Alerting

This defines “how” to notify and “who” should be notified when an actionable event occurs. This is the easiest to get wrong and it is so important to get right. Make sure you cover:

Alerting is the process of setting up notifications to be sent to the appropriate parties when a certain condition or threshold is met. Alerts can be triggered by a variety of factors, such as system metrics, application logs, or user behavior.

Alerting is a crucial component of observability because it helps teams quickly detect and respond to issues in their systems. By setting up alerts, teams can ensure that they are notified of important issues as soon as possible, which can help them to avoid outages and other disruptions.

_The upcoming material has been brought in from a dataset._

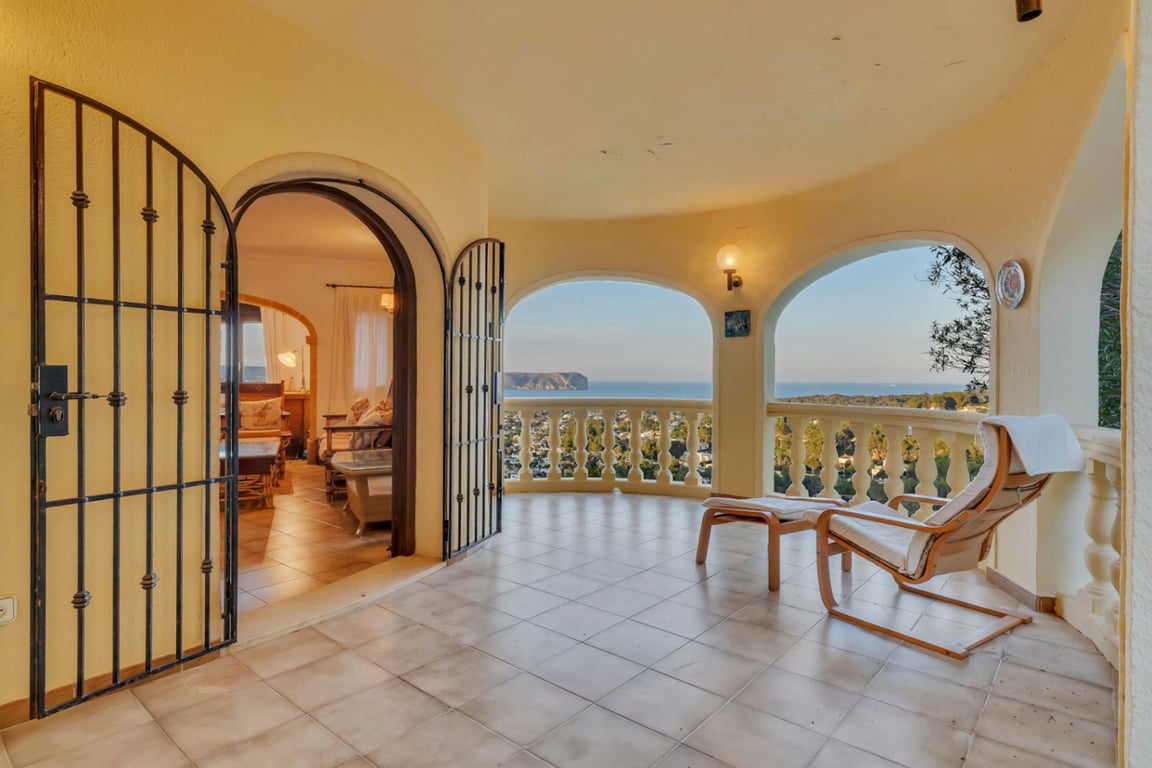 Villa a la venta con impresionantes vistas al mar - 9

There are a few key things to keep in mind when setting up alerts:

  • Make sure your alerts are specific and actionable. The last thing you want is to be inundated with alerts that are either too vague or too general. Make sure your alerts are specific enough to identify the issue, but not so specific that they trigger too frequently.
  • Prioritize your alerts. Not all alerts are created equal. Some alerts are more important than others, and you need to make sure that you prioritize your alerts accordingly. For example, you might want to prioritize alerts that are related to system availability or performance.
  • Test your alerts. Before you put your alerts into production, make sure to test them thoroughly. This will help you to ensure that your alerts are working as expected and that they are sending notifications to the correct people.

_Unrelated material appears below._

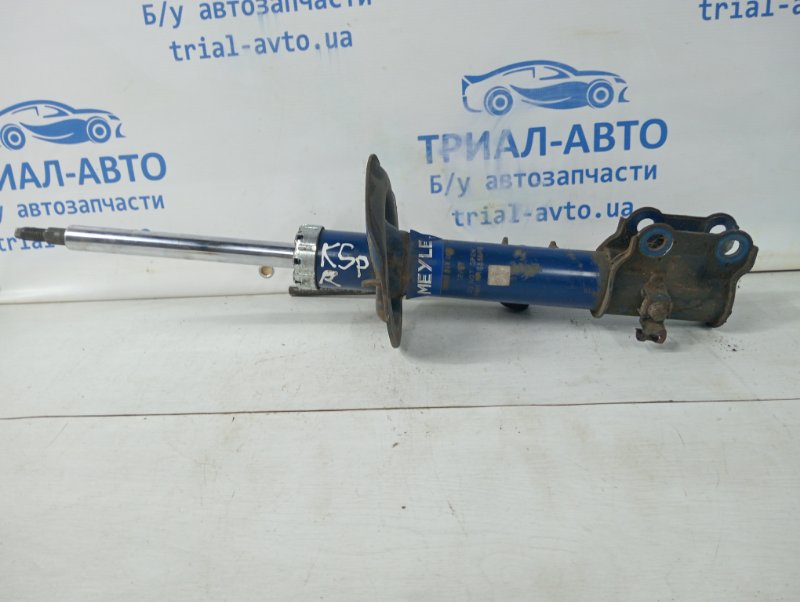 Амортизатор передний правый Kia Sportage 2010-2016 SL 1.7 diesel D4FD 546612Y010 Б/У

Alerting is a powerful tool that can help teams to improve the observability of their systems. By setting up alerts, teams can ensure that they are quickly notified of important issues, which can help them to avoid outages and other disruptions.

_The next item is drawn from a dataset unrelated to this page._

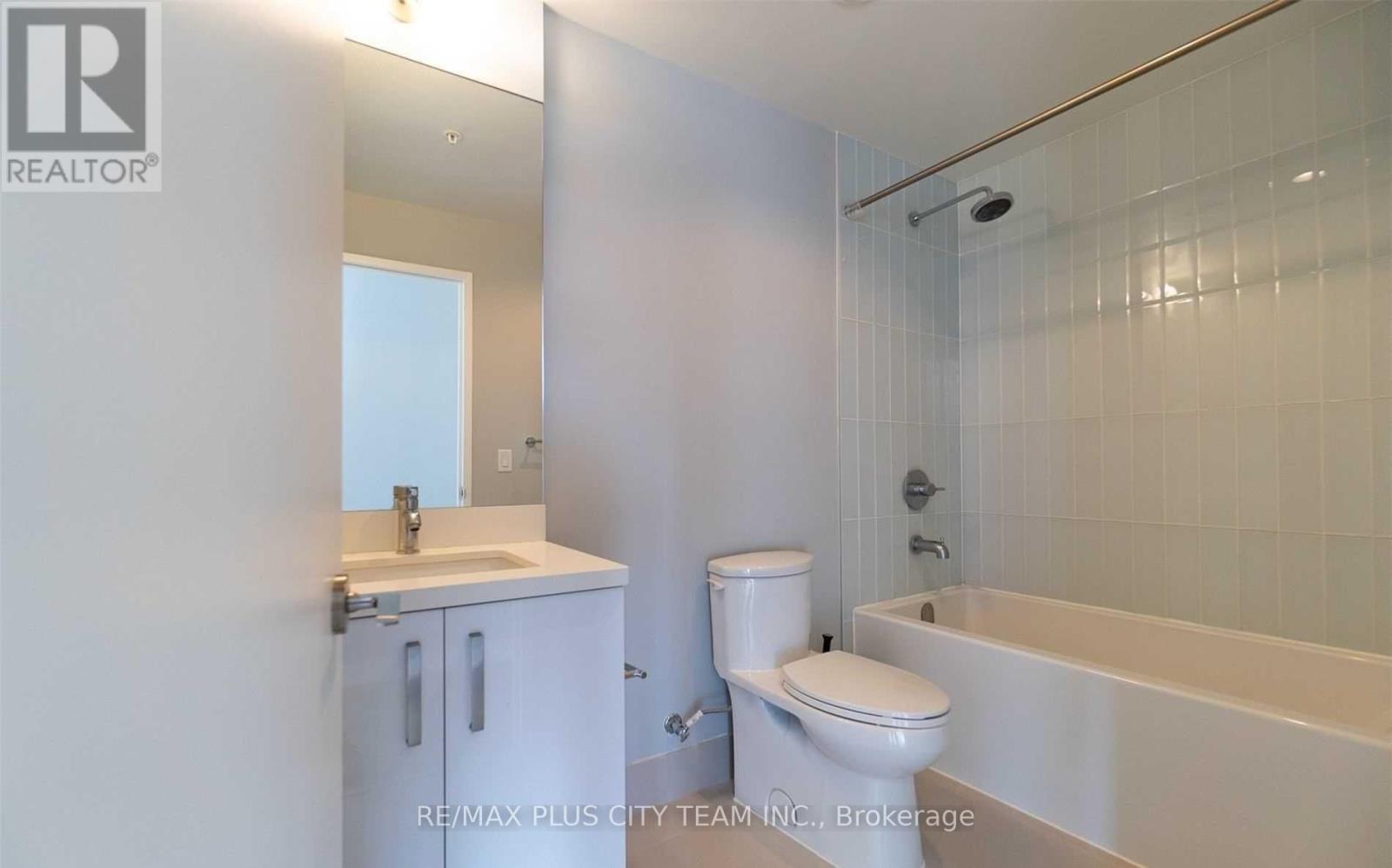 S609 - 120 Bayview Avenue, Toronto, Ontario  M5A 0G4 - Photo 22 - C12193704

Here are some additional tips for setting up effective alerts:

  • Use a variety of notification channels. Don’t rely on just one notification channel. Instead, use a variety of channels, such as email, Slack, and SMS, so that you can ensure that you will be notified of alerts, no matter where you are or what you are doing.
  • Set up escalation rules. If an alert is not resolved quickly, you may want to set up escalation rules so that the alert is escalated to a higher level of support. This will help to ensure that the issue is addressed as quickly as possible.
  • Use a centralized alerting dashboard. A centralized alerting dashboard can help you to view all of your alerts in one place. This can make it easier to track alerts and to identify any potential issues.
  • Do all of your alerts require attention? The ones that don’t remove them as alerts.
  • Is there automation to resolve alerts? If not, the alerts should become tickets for DevOps to automate away the problem.
  • Are alerts being tracked for trending? They should be. This can easily justify devops automating a solution versus the hours spent resolving repeat alerts.